3 尼崎病院と塚口病院の統合再編について

 尼崎病院と塚口病院の統合再編については、統合再編検討委員会からの報告書を踏まえ、平成22年2月に「尼崎病院と塚口病院の統合再編基本構想」を策定し、更に、22年12月には、基本計画を策定し、着実な整備を進めていかれていると承知しております。
 整備概要としましては、尼崎市東難波町の市立尼崎産業高校敷地に730床の病床を有し、主な機能として、①救命救急センターを設置して3次救急に対応し、24時間365日断ることなく対応するER型救命救急医療を提供、②小児中核病院として、小児の2次及び3次救命救急医療を24時間365日提供、③総合周産期母子医療センターとして、妊婦及び新生児に対する総合的な周産期医療を提供する、④専門センター制によるがん、脳卒中、急性心筋梗塞、糖尿病の4疾病に係る医療及び感染症医療等の政策医療を提供することになります。整備費は、用地費等を含め約340億円となっております。
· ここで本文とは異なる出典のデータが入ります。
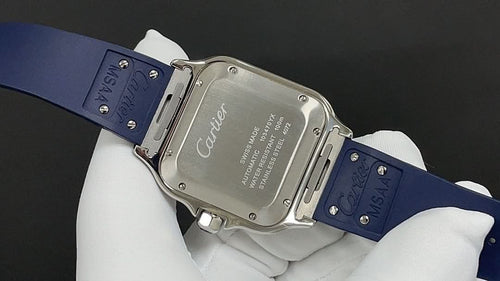 Cartier watch with engraved case back and blue leather strap, held on glove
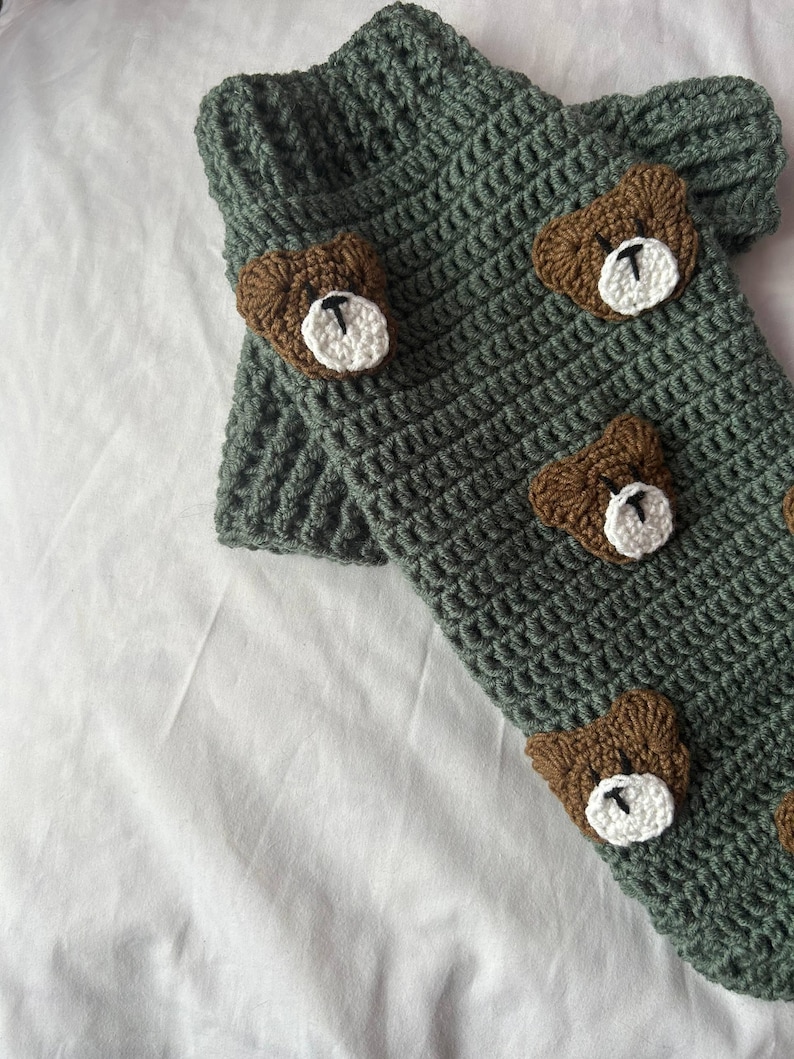 Op de afbeelding: Handgehaakte beenwarmers in een gedempte groene kleur, versierd met bruine berenapplicaties met witte en zwarte details. De beenwarmers zijn gemaakt met een getextureerde steek, perfect om een vleugje speelsheid aan elke outfit toe te voegen.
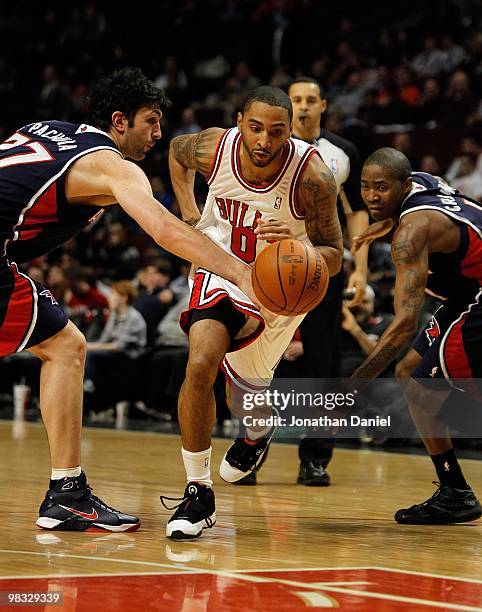 Acie Law of the Chicago Bulls drives between Zaza Pachulia and Jamal Crawford of the Atlanta Hawks at the United Center on March 1, 2010 in Chicago,...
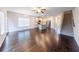 Open-concept living space with hardwood floors, flowing into the kitchen with island and stairs at 3375 Highbury Way, Lithonia, GA 30038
 基本計画という骨格が定まったわけですので、今後は、これに肉付けをしっかりと行っていく必要があるわけです。関係者の方々におかれては、この両病院の統合再編を、日本の病院統合の成功のモデルケースにしたいと意気込んでいると承知しておりますが、来年度中に基本設計と実施設計を行い、同時並行で現病院の資産活用の検討も行い、平成26年度の供用開始につなげていくには相当程度早いペースで取り組んでいく必要があるのではないかと推察します。
 そこで質問ですが、この統合再編整備事業によって生まれる新病院は、今後、マグネットホスピタルとしての機能の充実が期待されるところですが、特に、医師の確保、育成の観点からどのような役割を果たしていくのか、また、新病院だけでなく県立病院全体の中でどういかしていくのかについて、ご所見をお伺いします。